Source [Philitt] : Pendant la Seconde guerre mondiale, la philosophe Simone Weil faisait remarquer que « l’enracinement est un besoin vital de l’âme humaine ». Mais qu’en est-il de l’ « emmurement », lorsque le discours porté sur les frontières sert de substitut à une démarche positive d’enracinement ? Or, symptôme des civilisations de l’espace qui se développent en sens inverse des cultures du temps, le conservatisme politique moderne s’est égaré en choisissant de porter son attention sur le critère spatial des frontières au lieu de prendre la mesure du critère temporel des racines.
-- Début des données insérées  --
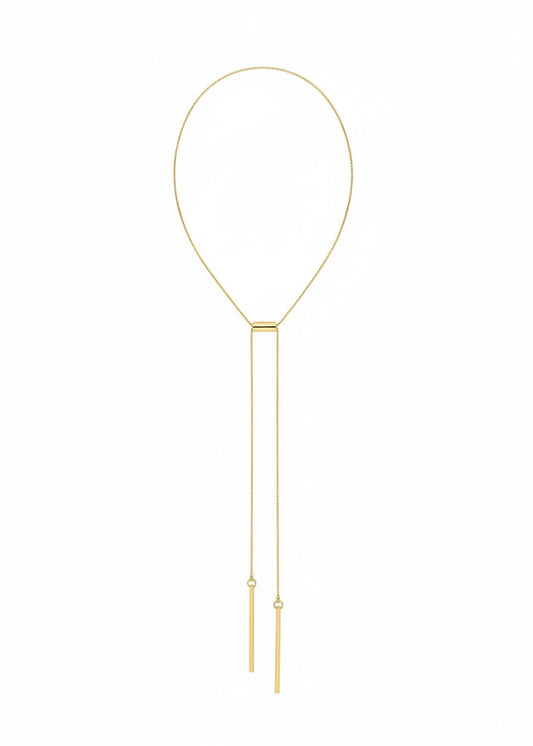 Colar Dourado Longo com Barras Pendentes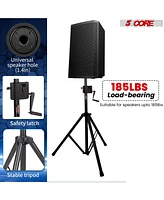 5 Core Speaker Stand Pair Tripod Tall Crank Up Height Adjustable Heavy Duty Floor Stands 35mm Pa Pole Mount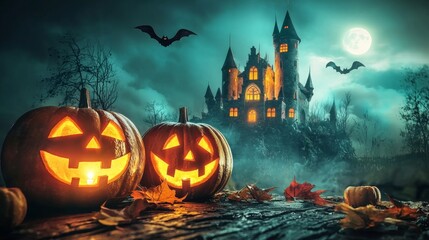 Spooky Halloween scene with jack-o'-lanterns and haunted castle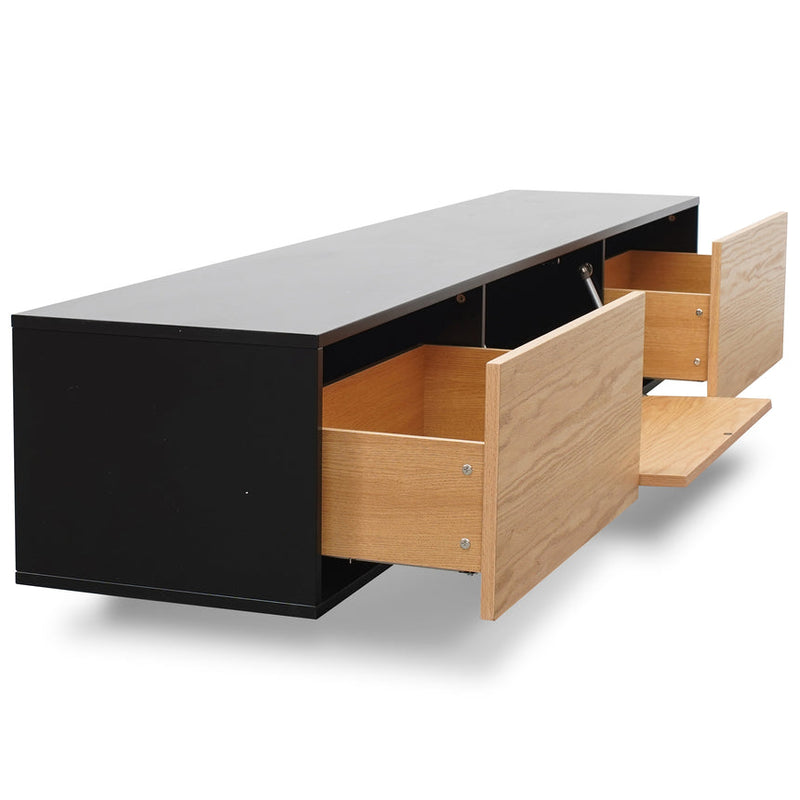 2.3m Wooden Entertainment Unit - Full Black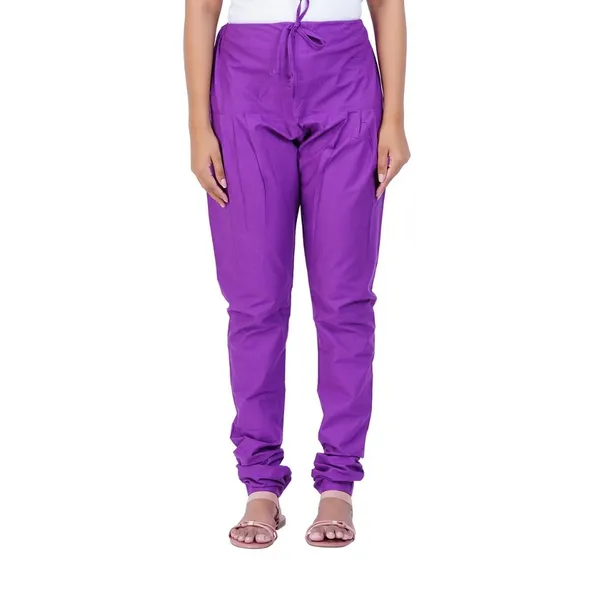 Magenta_Violet_Cotton_Ethnic_Churidar/Gathering_Pants_For_Women,_Drawstring_Waist,_Ethnic_Regular_Fit_For_Office,_Party_&_Outdoor_Wear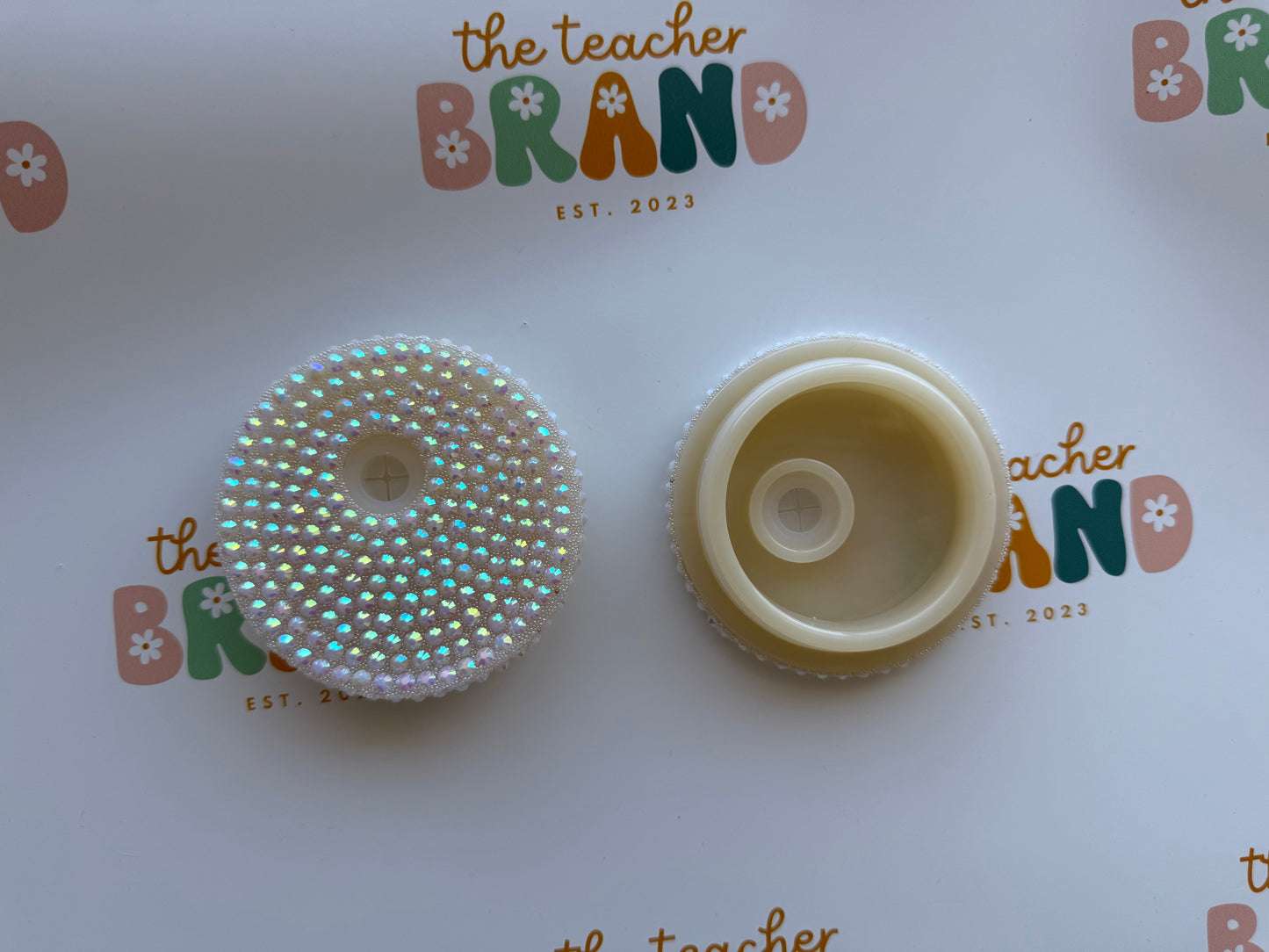 Bedazzled Glass Tumbler Lid - White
Les Juifs pieux se lamentent sur un mur, mais les « néo-cons » (sic) en érigent. En leur nom. On ne saurait pourtant trop insister sur le danger qu’il y a à rendre complice, fût-ce par de bonnes intentions, une religion tout entière avec la politique criminelle d’un État dont le gouvernement fait l’objet d’un mandat d’arrêt international. Le conflit israélo-palestinien cristallise en effet la contradiction générale sur laquelle repose le nationalisme moderne : la revendication des « frontières » nationales au détriment des « racines » culturelles. En l’occurrence, le discours néo-eschatologique qui fonde depuis plusieurs décennies l’extension des israéliennes s’avère contraire aux racines mêmes de la religion juive, dont la spiritualité intrinsèque la rend inassimilable à la situation géopolitique désastreuse à laquelle le monde assiste en terre sainte. Les diverses sources sacrées de cette tradition, qu’il s’agisse du Rouleau du Temple (IIe s. av. JC), de la Michna (IIIe s.) et jusqu’au Talmud de Babylone (VIe s.), soutiennent au contraire que le Temple à venir « viendra tout construit » des Mains de Dieu (Traité Soucca, 41a). Témoin de cette antinomie entre les frontières israéliennes et les racines juives, le magnifique film de Jérémy Kagan, L’Élu, peignait en 1981 tout ce que l’usage eschatologique du sionisme politique pouvait représenter de problématique au point de vue de la communauté juive des Hassidim. Les membres de cette branche mystique du judaïsme récent, porté par une exigence d’orthodoxie, ont en effet longtemps considéré que la création d’un État juif sans le Messie serait une révolte contre Dieu, contraire aux principes traditionnels du messianisme juif.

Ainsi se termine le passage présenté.